Si afferma sempre più sul mercato la birra artigianale con i produttori che crescono sia per fatturato (oltre il 60% dei birrifici guadagna tra i 100 mila e gli 800 mila Euro) che per dimensioni (oltre il 51% si avvale di personale a tempo indeterminato), e volumi di birra prodotti, ossia 445 mila hl in media in un anno sul territorio nazionale (pari al 3,3% degli hl totali di birra prodotti in Italia, + 2,2% rispetto al 2011).
Sono alcuni dei dati che emergono dal Rapporto di ricerca commissionato da Unionbirrai allo staff di Altis (Alta Scuola Impresa e Società) dell’Università Cattolica di Milano, presentato al Parco della biodiversità di Expo. “Le stime, ricavate da un campione di 63 imprese – microbirrifici, brew pub e beer firm – interpellate via mail o ‘vis a vis’ durante eventi fieristici tra maggio e giugno 2015, rivelano impennate di numeri sui rispettivi fronti produttivo e qualitativo – spiega il rapporto -. Il questionario (33 domande divise per caratteristiche, dimensioni commerciali, rapporti con le banche, scelte di produzione) disegna una situazione di salute generale di questo segmento del mercato dovuta alla crescita significativa dell’indotto, dei consumi rispetto alle birre industriali, dell’export, del numero di Festival e concorsi dedicati, e al sempre più alto livello di qualità del prodotto”.

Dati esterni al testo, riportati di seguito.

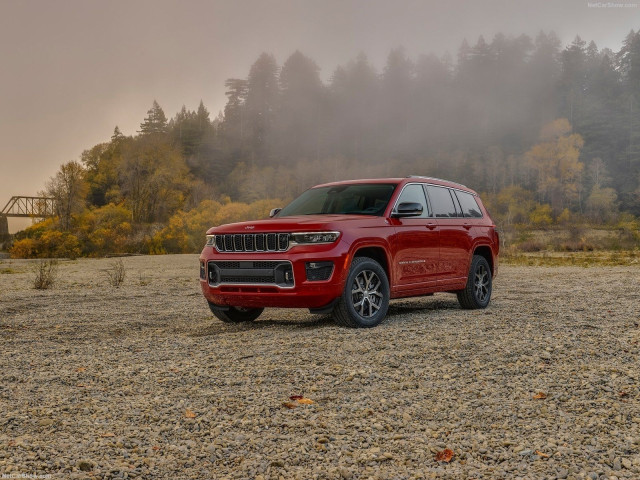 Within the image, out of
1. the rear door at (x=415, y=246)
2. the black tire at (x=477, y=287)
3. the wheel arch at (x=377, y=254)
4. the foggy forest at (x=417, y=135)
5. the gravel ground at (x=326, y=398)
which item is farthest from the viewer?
the foggy forest at (x=417, y=135)

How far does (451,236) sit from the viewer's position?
9.48 metres

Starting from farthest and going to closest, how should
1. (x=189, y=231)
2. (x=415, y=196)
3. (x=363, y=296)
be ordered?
(x=189, y=231) < (x=415, y=196) < (x=363, y=296)

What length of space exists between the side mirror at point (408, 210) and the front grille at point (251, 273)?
174 centimetres

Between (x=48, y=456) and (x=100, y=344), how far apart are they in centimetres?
373

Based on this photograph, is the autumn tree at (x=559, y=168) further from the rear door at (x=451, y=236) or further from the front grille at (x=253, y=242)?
the front grille at (x=253, y=242)

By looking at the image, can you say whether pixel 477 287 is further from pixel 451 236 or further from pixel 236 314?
pixel 236 314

“Il trend di crescita costante, +18,3% rispetto al 2011, anno del primo report Altis, si evince dai dati relativi al grado di saturazione della capacità produttiva. Rispetto alle edizioni precedenti il questionario del 2015 ipotizza in partenza un aumento considerevole della produttività e mira diretto a conoscerne il livello. I risultati sono all’altezza delle aspettative, quasi 1 birrificio su 2 (46,9%) ha dichiarato di aver saturato la capacità produttiva e di essere dunque vincolato a nuovi investimenti. Gli importanti margini di crescita si devono in via generale al raggiungimento di una maggiore efficienza in fase produttiva e ad un’effettiva capacità di collocare volumi più ampi sul mercato”, spiega ancora l’indagine che rileva come “il settore si fa concorrenziale, i produttori, siano essi microbirrifici, brew pub (produttori con mescita diretta in loco) o beer firm (con impianti presso terzi) dimostrano di poter espandere la propria quota di mercato sullo scenario nazionale. Ne è un effetto il dato osservato sulle dimensioni dei soggetti intervistati – spiega ancora l’indagine -: quelle che erano start up solo tre anni fa sono oggi in grado di avere persona le dipendente oltre che un fatturato medio (valutato in capo ai soli microbirrifici) di oltre 100 mila euro. Nei report 2011 e 2013 oltre 1 birrificio su 2 (57,7% nel 2013 e 54,3% nel 2011) non disponeva di addetti, ricorrendo esclusivamente al lavoro dei soci di capitale; nel 2015 si assiste ad una inversione di tendenza, cala infatti la percentuale di birrifici che possono fare a meno di personale (sono circa il 49%) mentre aumenta quella che favorisce l’occupazione, apre le porte al praticantato e soprattutto non licenzia (4 imprese su 5)”. “Cresce mediamente anche il giro di affari – rileva infine il rapporto -, che va dai 100mila agli 800mila euro per il 62,8% dei (micro) birrifici, +23,4% rispetto al 2011. Anzi, tocca l’11,6% la quota di micro birrifici con fatturato intorno al milione di euro”.